◆ **INFORMATION SHOWN**:
+ + + + + + +

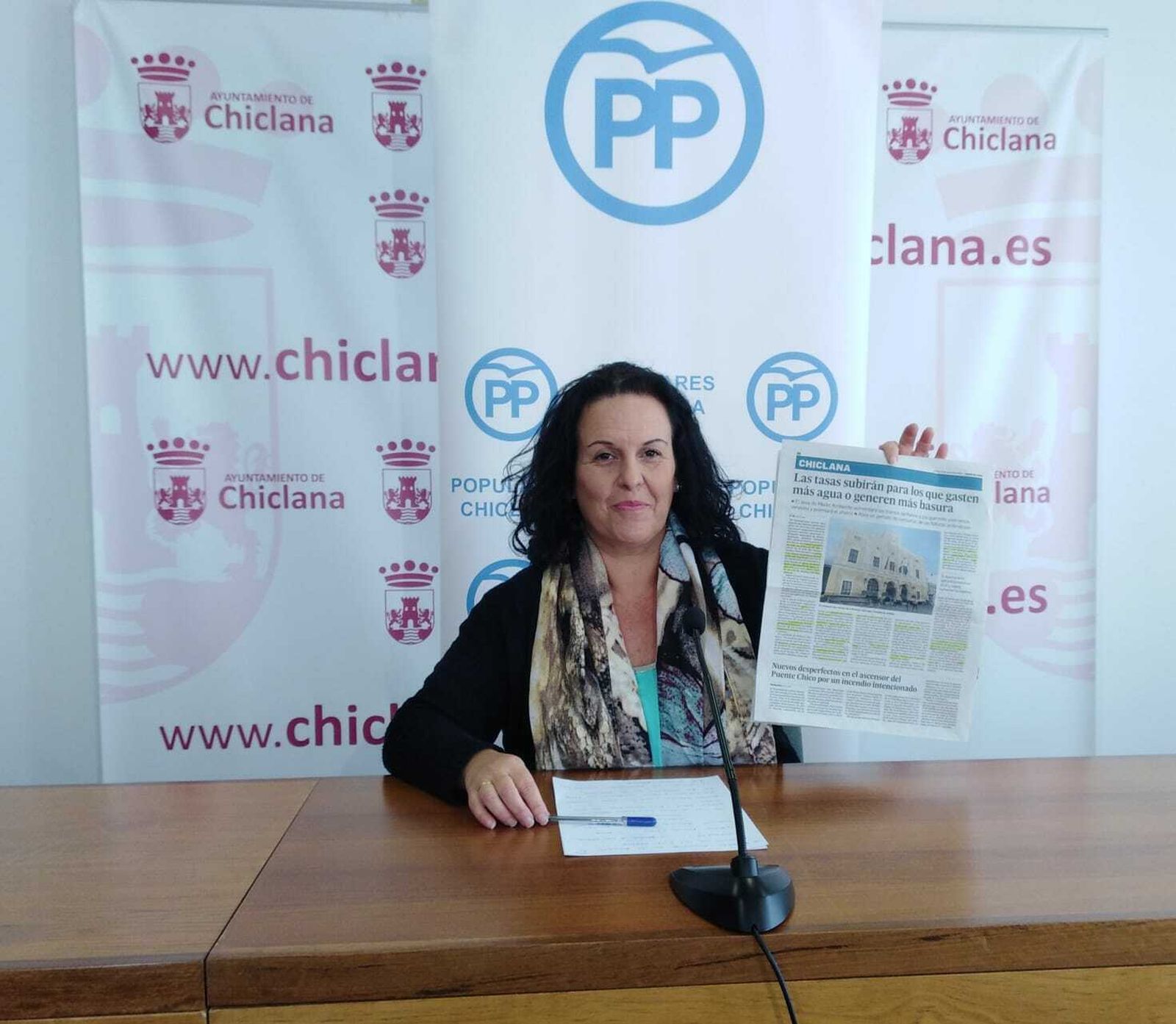 La edil del PP, Ascensión Hita, con un recorte de prensa en el Ayuntamiento.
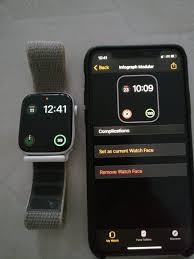 Using the photos watch face on your apple watch, you can display on your watch a personal slideshow of photos stored on your iphone. How Do I Add Seconds To The Digital Time Apple Community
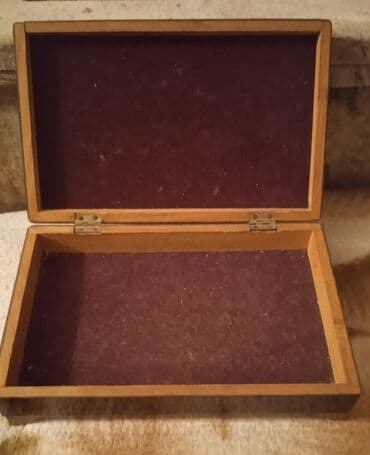 монеты разных стран: Продаю раритетные шкатулки времён СССР и фарфоровую маслёнку времён — 6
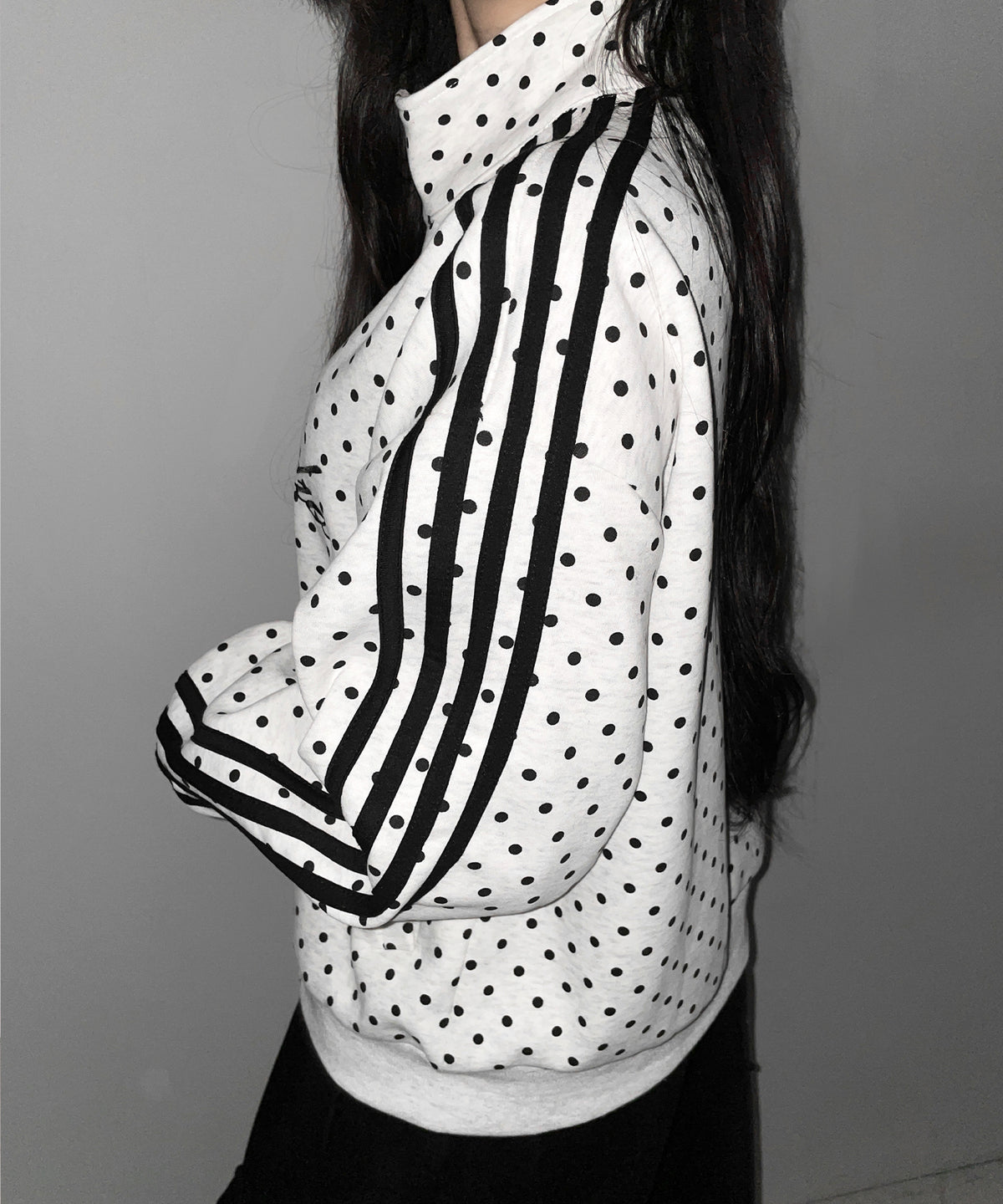 レタリングロゴ刺繍ドットラインオーバースウェットブルゾン ／ lettering logo embroidery dot line over sweat blouson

+ + + + + + +

◆ **TASK GOAL**: In the data above, find the line containing "Using the photos", then output it and every later line exactly, without the pictures.

◆ **RESULT BELOW**:
 Using the photos watch face on your apple watch, you can display on your watch a personal slideshow of photos stored on your iphone. How Do I Add Seconds To The Digital Time Apple Community
 монеты разных стран: Продаю раритетные шкатулки времён СССР и фарфоровую маслёнку времён — 6
 レタリングロゴ刺繍ドットラインオーバースウェットブルゾン ／ lettering logo embroidery dot line over sweat blouson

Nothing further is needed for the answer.